個人事業主と株式会社設立の場合の違いはイメージ出来たでしょうか。メリットやデメリットだけにとらわれることなく、あなたの目指す事業経営の姿にどちらがよりフィットするのか、慎重に見極めて行く事が大切です。以下の3つのポイントから改めて検討してみてください。
個人でできる仕事かどうか
これから展開していこうとしている事業は、あなた個人で行っていける範囲に限定されているものでしょうか。もし近い将来、仕事に関するノウハウやスキルソースが不足していると判断される場合は、業務委託をしたり人を雇って仕事を補うタイミングが必ずやってきます。

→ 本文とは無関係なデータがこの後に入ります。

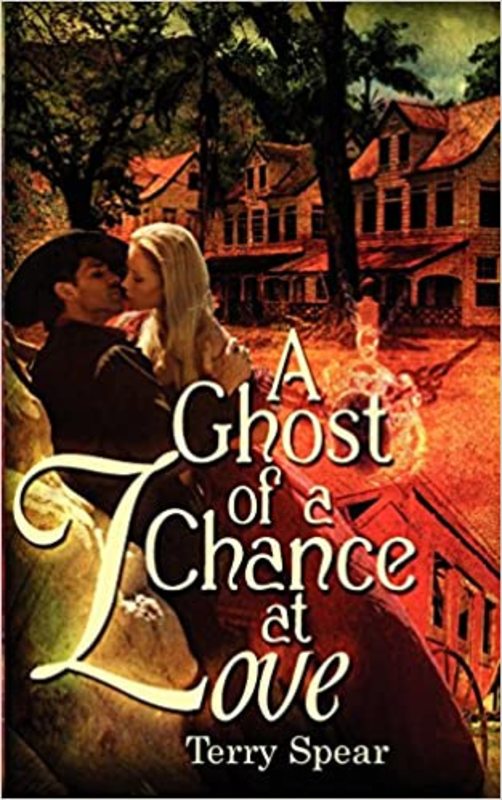 Book cover for "A Ghost of a Chance at Love" by Terry Spear
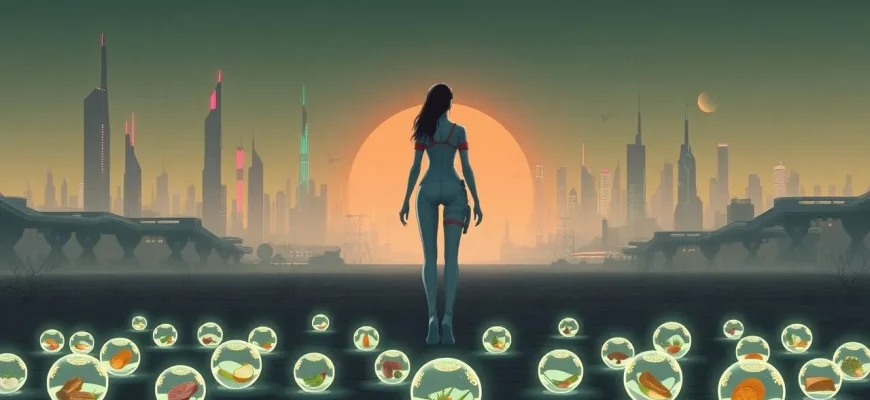 10 Sci-Fi Films That Explore the World of Synthetic Food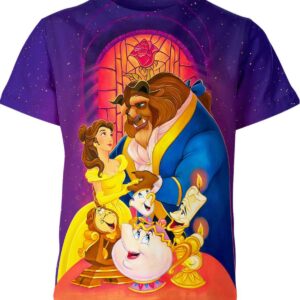 Beauty And The Beast T-shirt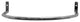 Isabella Collection Polished Chrome Front Towel Bar for use, Polished Chrome
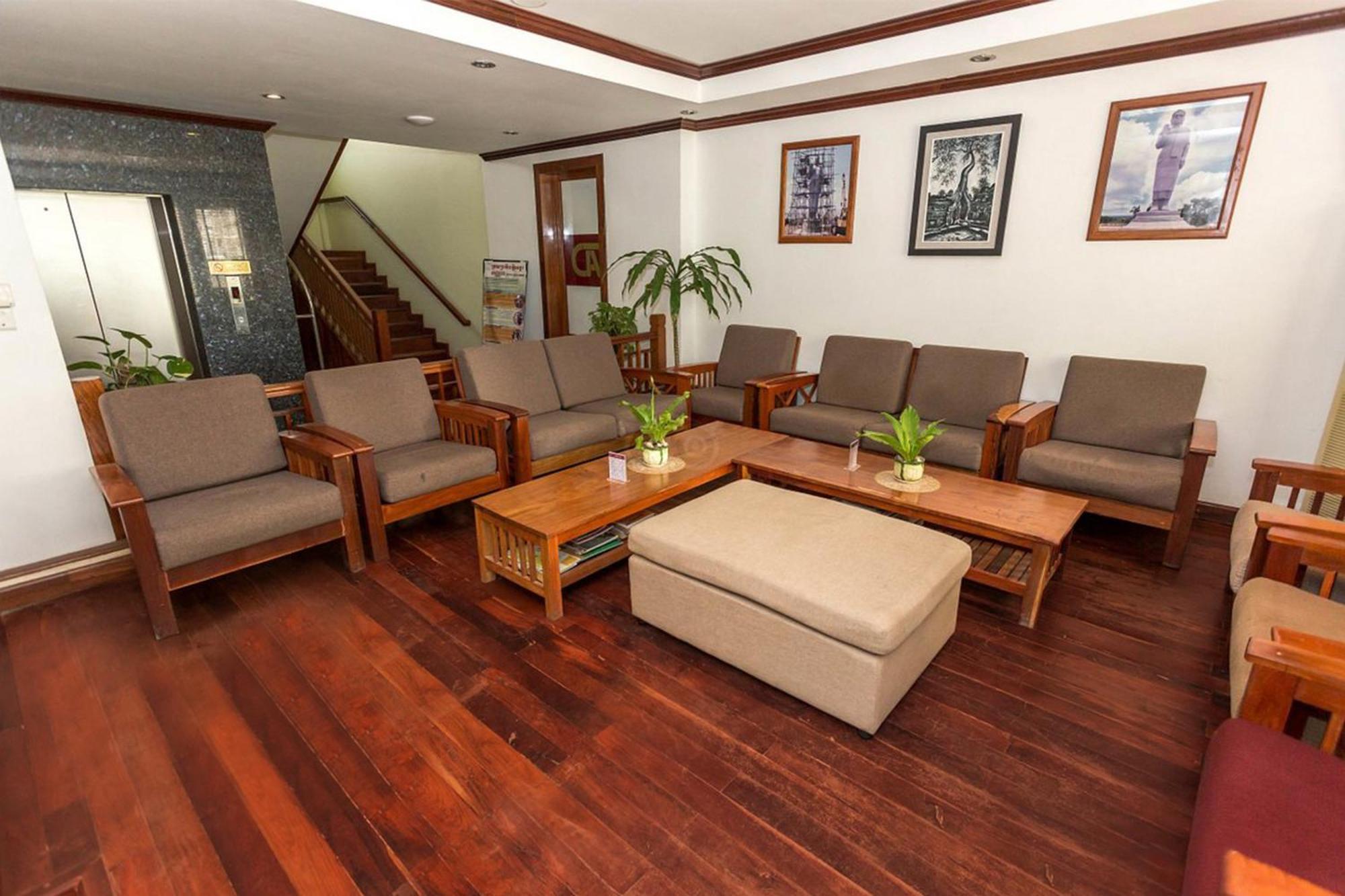 Cheathata Cta Hotel Siem Reap Esterno foto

その時にどちらが有利になるのかを検討してみましょう。
個人資金でできる仕事かどうか
事業の立ち上げに必要な設備、場所、事業を立ち上げてから発生する各種仕入れに掛かる予算は、手持ちの資金の範囲内に収まりそうでしょうか。個人事業主でも融資を受けたり、助成金・補助金の活用をする事は可能ですが、事業経営の継続にもお金は掛かります。融資を受けやすかったり必要資金を自分以外の株主から調達する事ができる法人の場合の資金計画も、一度は検討してみましょう。
将来拡大を目指していくのか
あなたが将来、事業の拡大を目指したいと計画しているなら、「株式会社設立のメリット」で説明した通り、従業員の確保、法人間の取引などで不利になったりしないよう、株式会社の設立をして社会的信用度を高める事を検討してみましょう。人員確保には求人広告費も掛かり、増員すればするほど給与だけでなく、事業所・経費・保険料の増大も見込まれます。また、事業ドメインを増やしたり事業規模そのものの拡大にはより多くの資金調達が必要で、株式会社の場合の方が選択肢も広まり、よりダイナミックな展開をして行きやすくなることでしょう。
まとめ
個人事業主でいくのかどうか、改めて検討することはできたでしょうか。株式会社のメリットとデメリットを、あなたが思い描く事業展開に照らし合わせてみて、納得できる選択ができるといいですね!株式会社設立や、その後の手続き、納税などに関してわからないことがあったら是非専門家を頼ってみてください。